- _Directions_
All of the data should be restated word for word, with the pictures omitted.

--- START ---

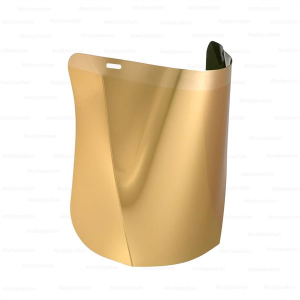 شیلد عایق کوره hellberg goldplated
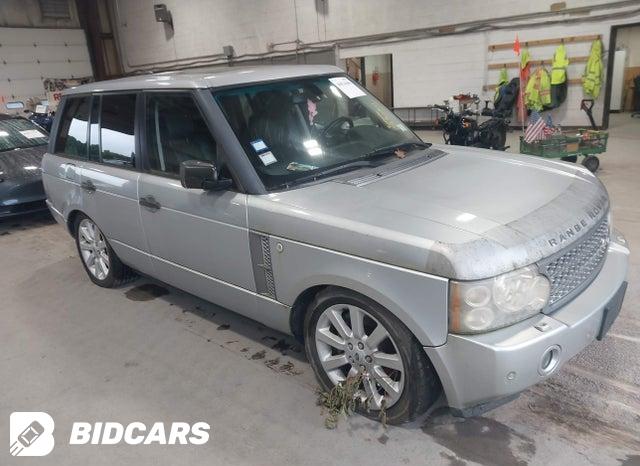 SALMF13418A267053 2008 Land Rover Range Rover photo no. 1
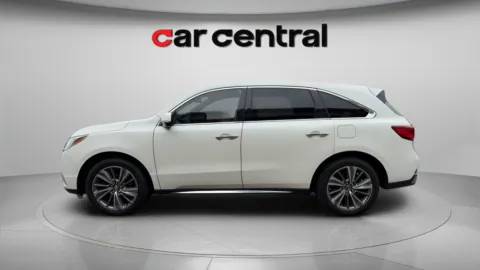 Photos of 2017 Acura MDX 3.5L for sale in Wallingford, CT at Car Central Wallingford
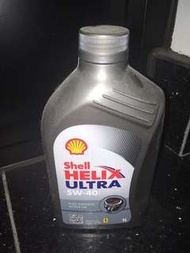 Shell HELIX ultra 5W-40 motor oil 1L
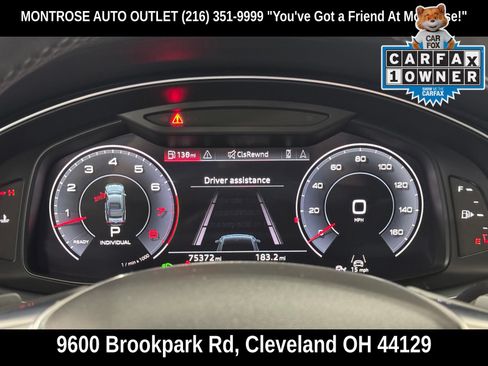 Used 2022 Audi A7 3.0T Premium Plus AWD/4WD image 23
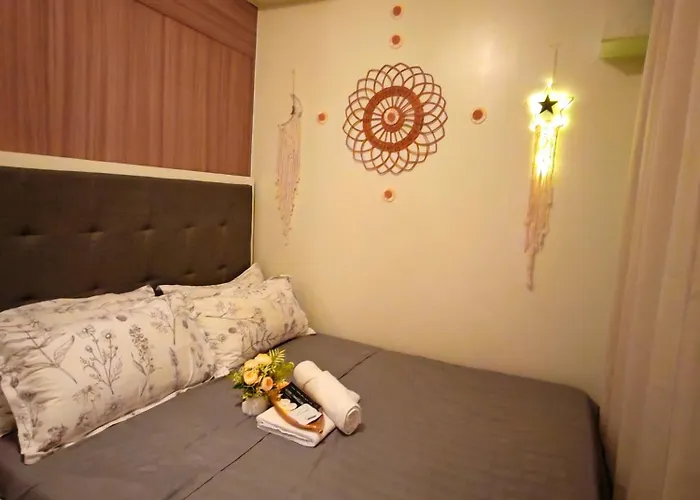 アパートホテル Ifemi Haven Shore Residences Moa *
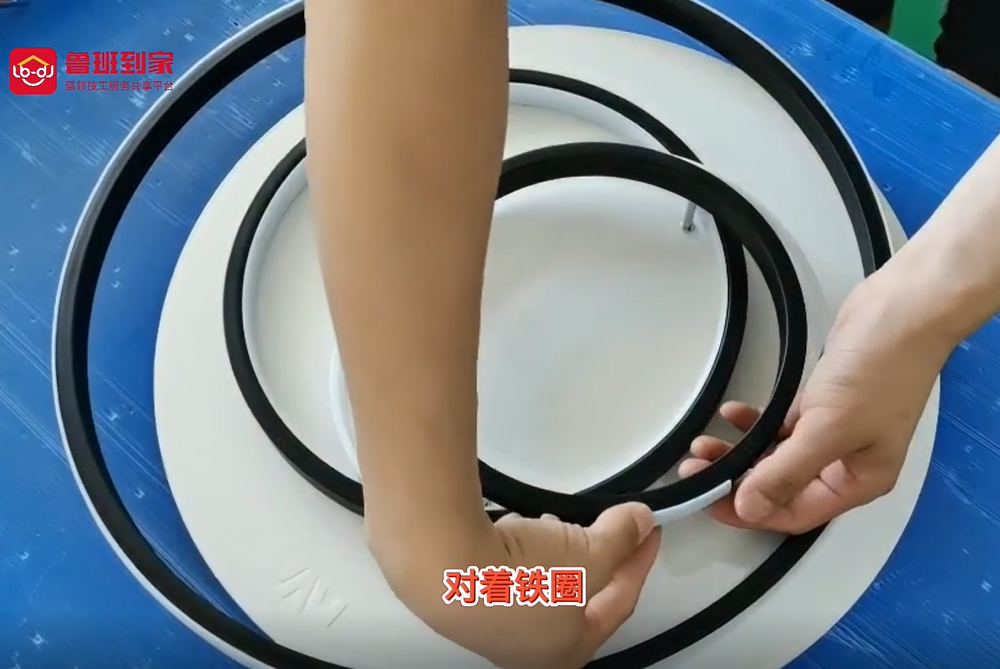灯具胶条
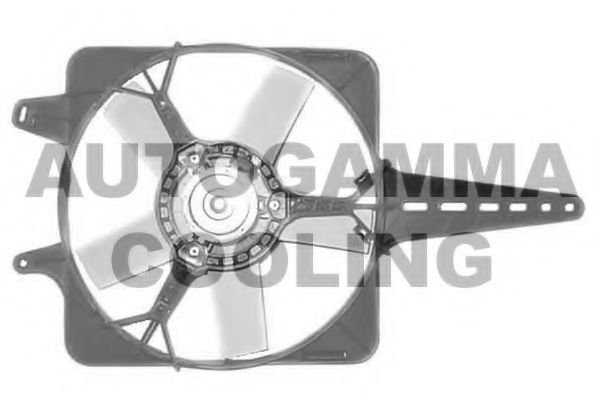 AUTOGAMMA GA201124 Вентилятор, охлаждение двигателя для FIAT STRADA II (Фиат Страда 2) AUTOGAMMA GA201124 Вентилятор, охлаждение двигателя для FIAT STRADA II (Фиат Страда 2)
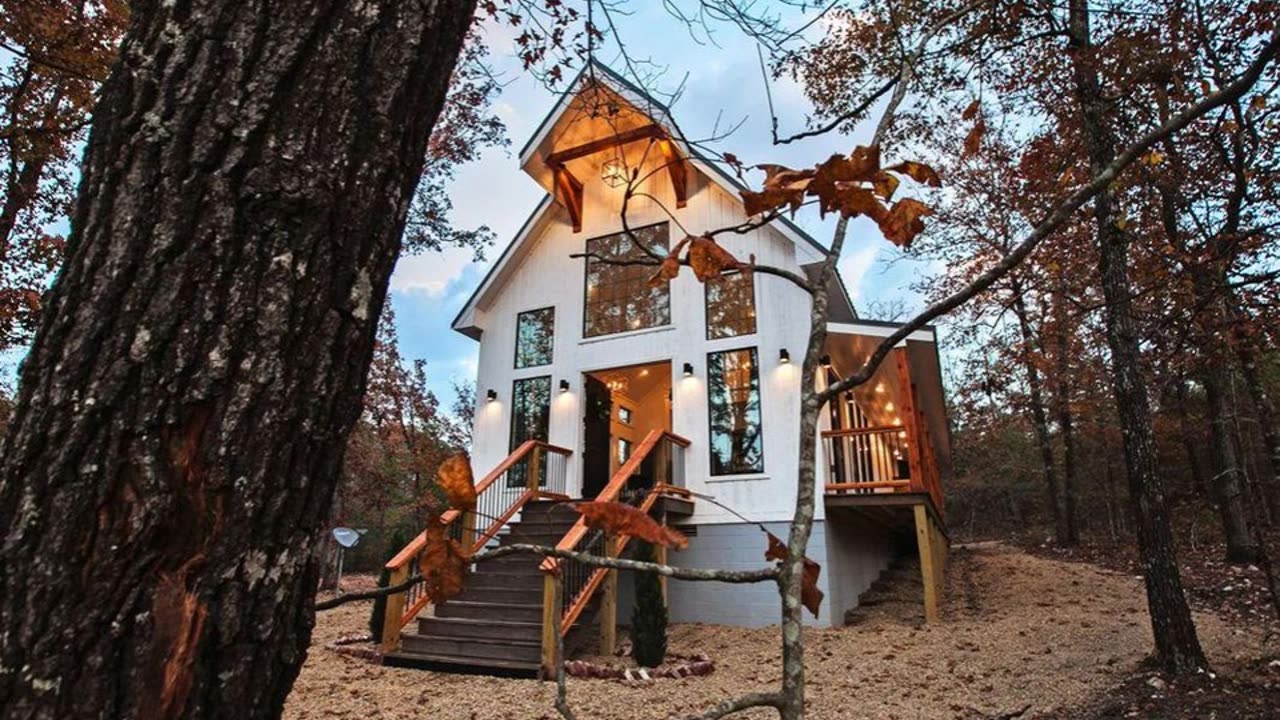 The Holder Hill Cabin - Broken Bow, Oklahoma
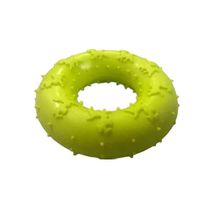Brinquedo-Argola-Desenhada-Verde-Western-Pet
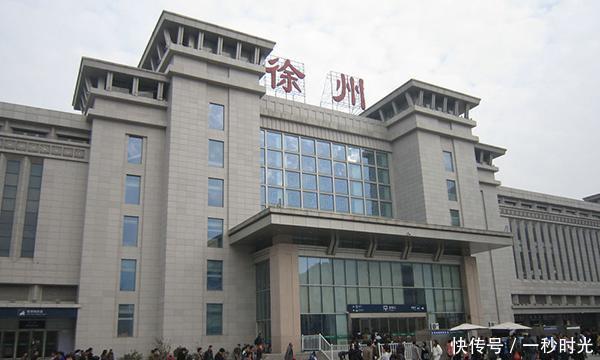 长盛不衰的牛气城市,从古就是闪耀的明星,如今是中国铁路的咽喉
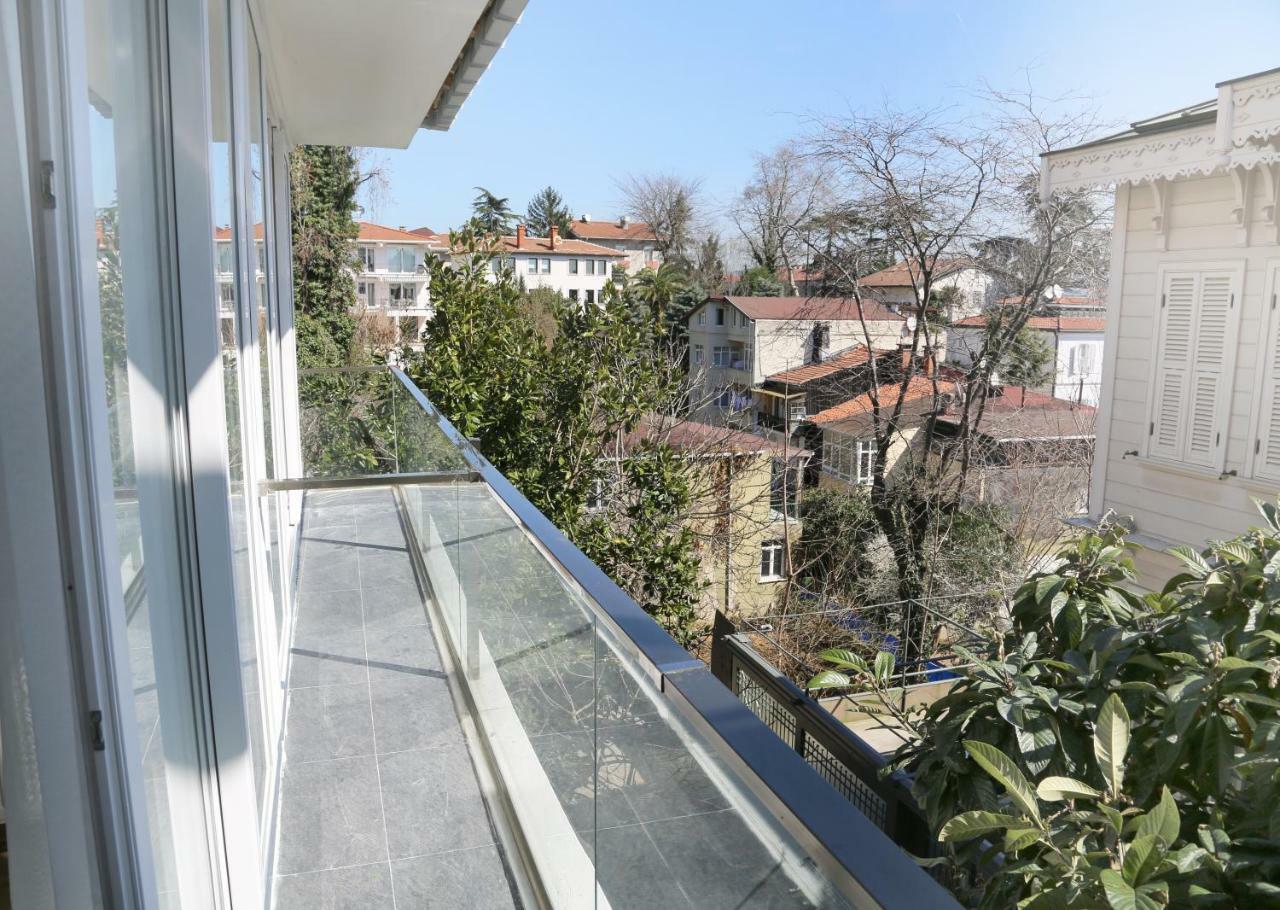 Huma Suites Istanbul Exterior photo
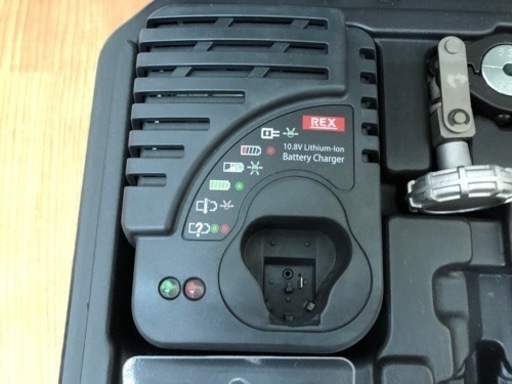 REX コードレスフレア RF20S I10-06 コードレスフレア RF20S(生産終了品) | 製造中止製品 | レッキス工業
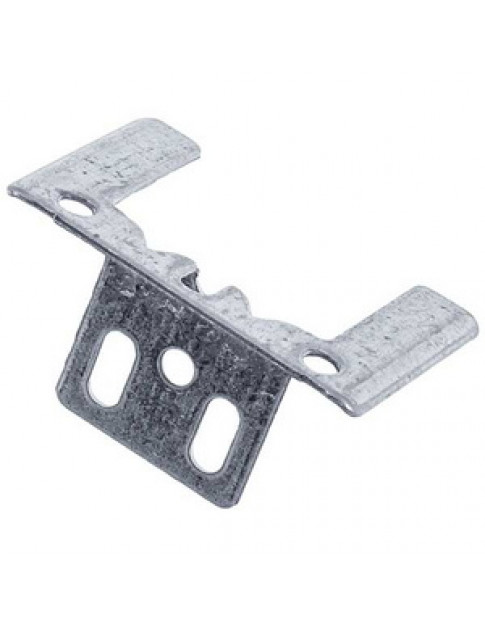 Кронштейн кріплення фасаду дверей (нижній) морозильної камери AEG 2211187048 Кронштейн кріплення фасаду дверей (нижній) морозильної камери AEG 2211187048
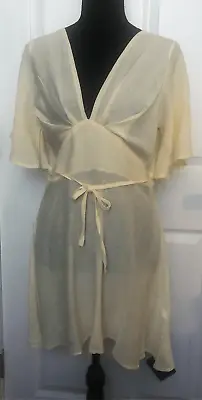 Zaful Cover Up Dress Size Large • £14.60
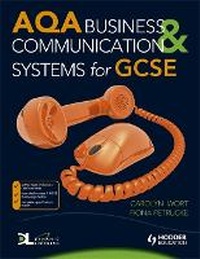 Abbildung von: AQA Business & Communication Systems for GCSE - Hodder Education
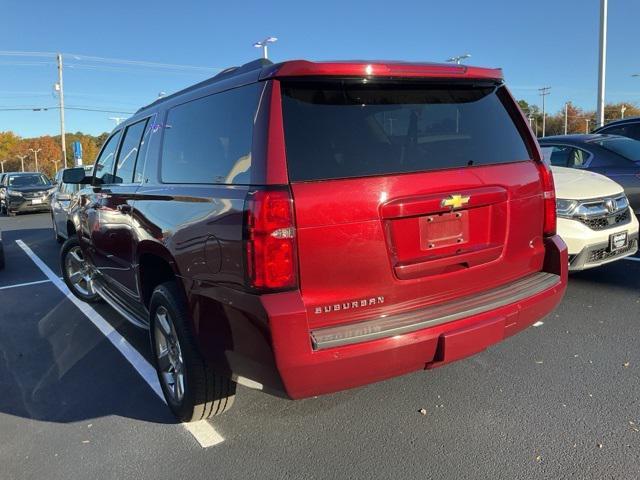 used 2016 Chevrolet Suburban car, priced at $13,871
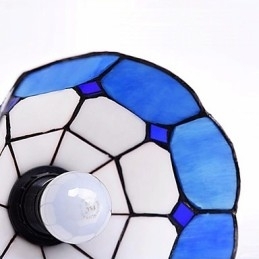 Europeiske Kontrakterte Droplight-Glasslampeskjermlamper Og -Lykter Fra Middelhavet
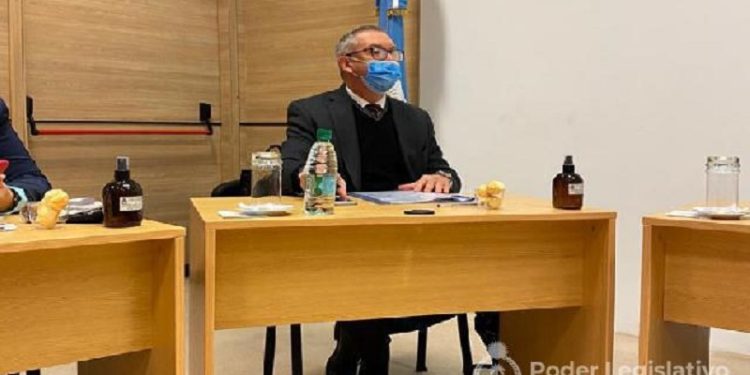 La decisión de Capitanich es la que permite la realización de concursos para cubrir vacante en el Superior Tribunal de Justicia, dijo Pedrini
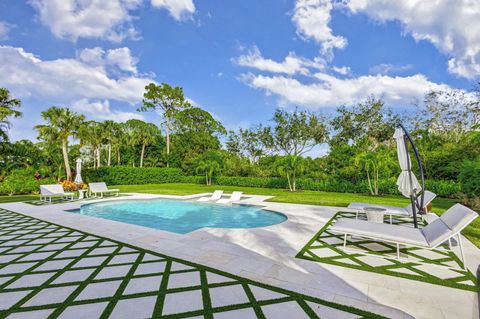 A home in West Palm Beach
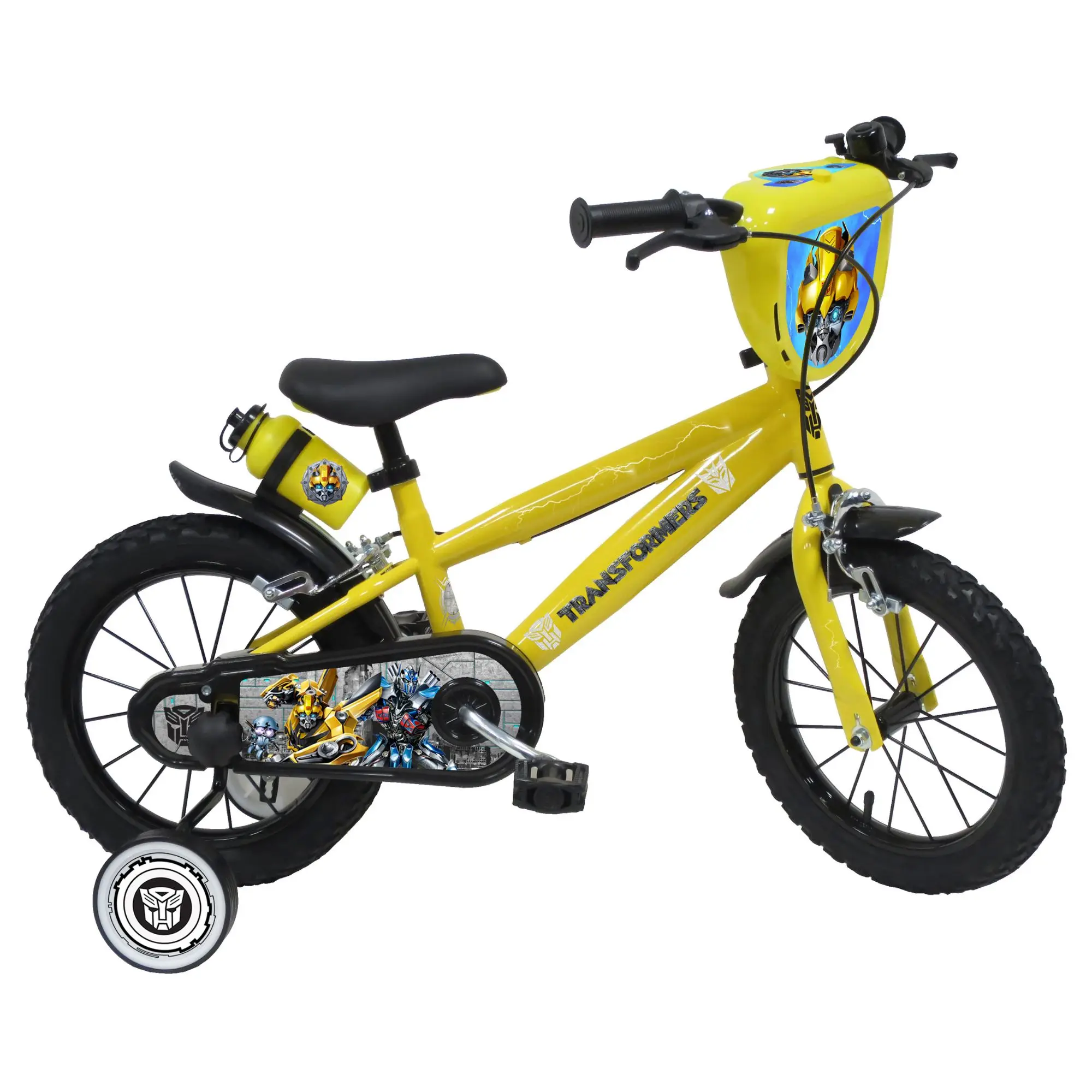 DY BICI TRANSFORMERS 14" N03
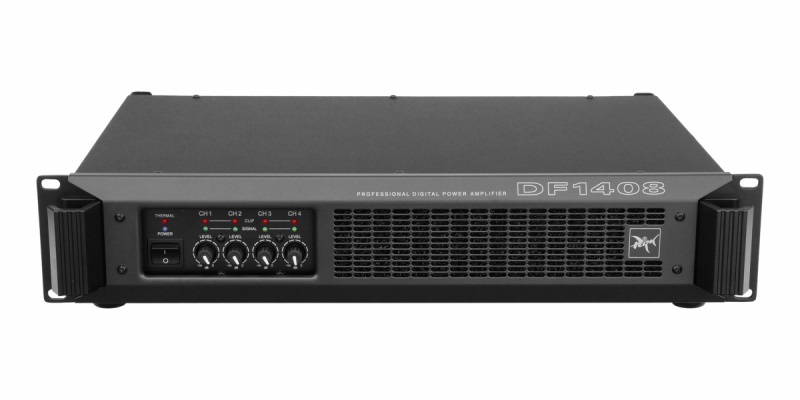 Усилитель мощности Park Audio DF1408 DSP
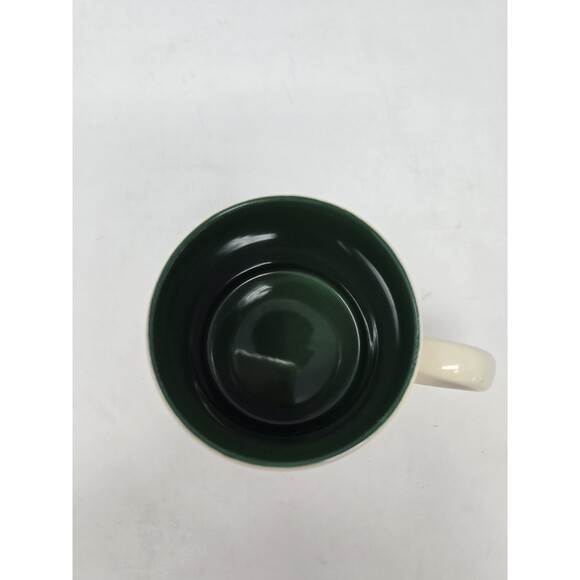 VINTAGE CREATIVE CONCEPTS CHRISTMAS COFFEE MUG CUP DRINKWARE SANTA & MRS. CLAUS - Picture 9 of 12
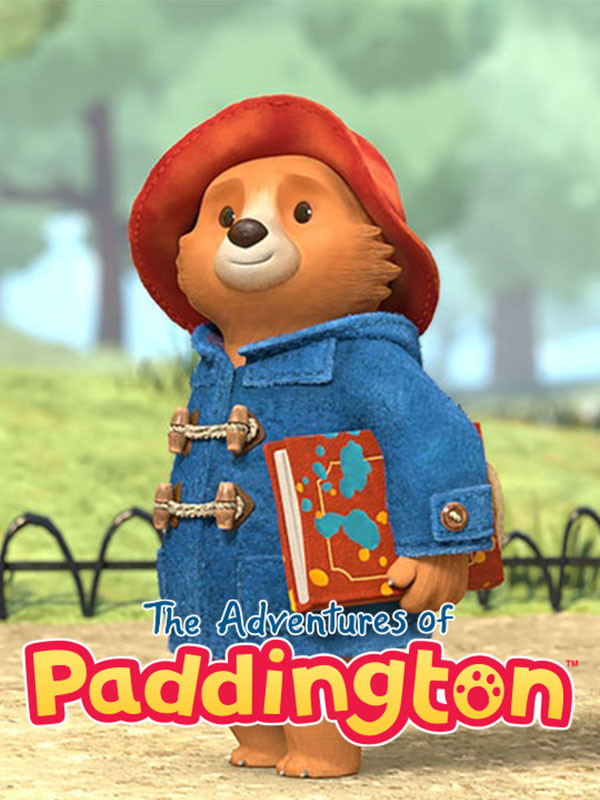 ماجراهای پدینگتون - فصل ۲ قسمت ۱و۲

--- END ---

- _Solution_
 شیلد عایق کوره hellberg goldplated
 SALMF13418A267053 2008 Land Rover Range Rover photo no. 1
 Photos of 2017 Acura MDX 3.5L for sale in Wallingford, CT at Car Central Wallingford
 Shell HELIX ultra 5W-40 motor oil 1L
 Used 2022 Audi A7 3.0T Premium Plus AWD/4WD image 23
 アパートホテル Ifemi Haven Shore Residences Moa *
灯具胶条
 AUTOGAMMA GA201124 Вентилятор, охлаждение двигателя для FIAT STRADA II (Фиат Страда 2) AUTOGAMMA GA201124 Вентилятор, охлаждение двигателя для FIAT STRADA II (Фиат Страда 2)
 The Holder Hill Cabin - Broken Bow, Oklahoma
Brinquedo-Argola-Desenhada-Verde-Western-Pet
 长盛不衰的牛气城市,从古就是闪耀的明星,如今是中国铁路的咽喉
 Huma Suites Istanbul Exterior photo
 REX コードレスフレア RF20S I10-06 コードレスフレア RF20S(生産終了品) | 製造中止製品 | レッキス工業
 Кронштейн кріплення фасаду дверей (нижній) морозильної камери AEG 2211187048 Кронштейн кріплення фасаду дверей (нижній) морозильної камери AEG 2211187048
 Zaful Cover Up Dress Size Large • £14.60
 Abbildung von: AQA Business & Communication Systems for GCSE - Hodder Education
 used 2016 Chevrolet Suburban car, priced at $13,871
 Europeiske Kontrakterte Droplight-Glasslampeskjermlamper Og -Lykter Fra Middelhavet
 La decisión de Capitanich es la que permite la realización de concursos para cubrir vacante en el Superior Tribunal de Justicia, dijo Pedrini
 A home in West Palm Beach
 DY BICI TRANSFORMERS 14" N03
 Усилитель мощности Park Audio DF1408 DSP
 VINTAGE CREATIVE CONCEPTS CHRISTMAS COFFEE MUG CUP DRINKWARE SANTA & MRS. CLAUS - Picture 9 of 12
 ماجراهای پدینگتون - فصل ۲ قسمت ۱و۲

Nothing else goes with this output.